Like all old dogs, the older Barrett was circumspect about doing business, especially literary business, on the internet, suspecting that there would be a lot of fraud and unwholesome practices. But when the young Barrett egged him on and he saw the vista it offered to the literary community, he bought into it wholesale, saying it was from there he met such exciting young poets like Verissimo and other new writers, who were bearing the banner of literary creativity aloft. The veteran writer also admitted that he was just beginning to realise the richness of Nigerian literature with the role of some of his students including Prof. G.G. Darah, who currently lectures at the Delta Sate University, Abraka.

“Igoni has opened a new world of literary possibilities online for me,” he enthused, adding that rebranding Nigeria “should mean recognising the new ones coming, it should mean giving voice to the new people coming up.” He stated that there was a silent war of ownership going on in Ogoni over his son, whom the Ogoni are claiming for themselves without knowing that his mother is Kalabari and not Ogoni. He advised his son to brace up for it.

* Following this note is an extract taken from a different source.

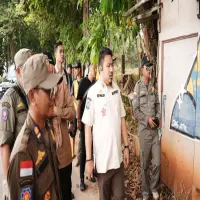 Bupati Subang Tertibkan Bangunan Liar di Kalijati, Siap Menata Lingkungan yang Lebih Baik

Thereafter, he read ‘Old River’ from his new collection, My Memory of Rivers, which sums up his impressions of the Niger Delta people since he has been working there for some time now. His poem is about rivers, which he says are not necessarily agents of communal boundaries in the region but as a source of interaction and projections among the communities within which they abound and surround. He also read a piece about youth restiveness, where he warned about according respect to elders, who the youths met, and something which they will some day become, too, as it was a circle that could turn vicious depending on how they relate with the preceding one. He could not read from Song of Mumu as he did not come with one. It was a book that Jonathan Cape rejected but was accepted by Longman Plc in Ibadan.

One eminent writer and critic who expressed happiness at the reading was Prof. Dan Izevbaye, who listened raptly all through the event. He said it was encouraging for young writers to take their craft to the audience for whom the works were intended and encouraged more such activities on the literary scene.

Although it boasted a full house at the Ibadan reading, there was little activity at the sales point. It obviously meant few writers signed autographs unlike the Lagos edition of the reading where the writers made brisk sales and busied themselves signing their books for buyers. The next stop of the reading tour is at The Palms on May 17, 2009.